I love this encounter that Elijah had with God… in which we and he might expect God who has done mighty battle with the prophets of Baal might come sweeping in… in thunder, earthquake, fire. Elijah may have gone to the wilderness to escape, to run in fear, to hide. But the wilderness finds us in our solitude. In those wilderness places of the soul we have to confront ourselves. In out of the way places, in silence and solitude God comes and says…. what are you doing here? what is driving you? Fear? Your own ego? Your need for power? Status? Have you lost perspective of the what is your purpose? Are you ready to throw in the towel. In the empty space, the empty sound, the solitary mountain of silence… God comes; is present, and sets Elijah and us on our way again with a few simple words.

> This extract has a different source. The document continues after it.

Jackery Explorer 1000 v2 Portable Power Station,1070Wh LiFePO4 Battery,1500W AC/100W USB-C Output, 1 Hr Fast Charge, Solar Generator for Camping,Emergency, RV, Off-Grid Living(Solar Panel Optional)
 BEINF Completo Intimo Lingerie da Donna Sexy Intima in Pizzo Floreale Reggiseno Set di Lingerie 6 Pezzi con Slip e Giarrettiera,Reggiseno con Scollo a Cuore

Then there is the story of the crazy, wild, homeless man, who was likely mentally ill and considered to be a raving lunatic. Listen for where God is in this story:

LUKE 8

Jesus and his disciples boat over to “the other side” of Lake Galilee… the side that is no longer Israeli, the area of people called Ger’a gesenes, who were not Jews. Why did Jesus go there??? to get away for a while? Just before this story Jesus was crossing the lake of Galilee, asleep in the boat when the wind and waves started to fill and sink the boat. The disciples, seeing they were in danger wake Jesus, who tells the wind and waves to be still. The story states that when the waves and wind calmed down… then “they were afraid and amazed”. It doesn’t say they were afraid of drowning… rather that they were afraid when Jesus displayed power over the nature. The disciples were driven by fear in the boat before and after Jesus acted.

In the story that follows, it doesn’t seem that that the herdsmen are afraid of the wild-man who lives naked in the caves and in the tombs. While the demons are afraid of Jesus, the herdsmen are not afraid until Jesus the loss of their animals threatens their pocketbooks… he becomes an economic and social threat that is too much for them to endure. They lost their stock market investment for the sanity of a man.

We have Jesus, his disciples who have just witnessed and been afraid of his calming the sea and wind, we have a wild, homeless, possessed man, the demons, called Legion afraid of God’s grace at work, and finally the herdsmen and village dwellers who are so afraid of who and what Jesus might require of them that they ask him to go away. Fear seems to be a primary driving factor for all these various characters in both stories. How quickly it can sneak up on us.

As I listen for the Word of God for me today, the question comes…. Miriam, what’s driving you? What motives are you operating under? So I ask you the same questions…. what is driving you? What motives do you operate under?

Is it status, like King Ahab?

power, like Jezebel?

or is it underlying fear? like Elijah… the disciples…. Legion the demons?... the herdsmen’s?

What is the driving force and motivation in your life?

OR is it possible to be like God? like Jesus?

Could it be that we might be driven…. if we need to be driven at all, or moved and motivated to act by wholeness, by returning to God? Could our driving force be to be fully present, to give ourselves our full self, even if it is in silence? Could God, could grace, could love, could healing and hope be our driving force?

“Why are you cast down, O my soul, and why are you disquiet within me?

Hope in God; for I shall again praise the Beloved, my help, my God.”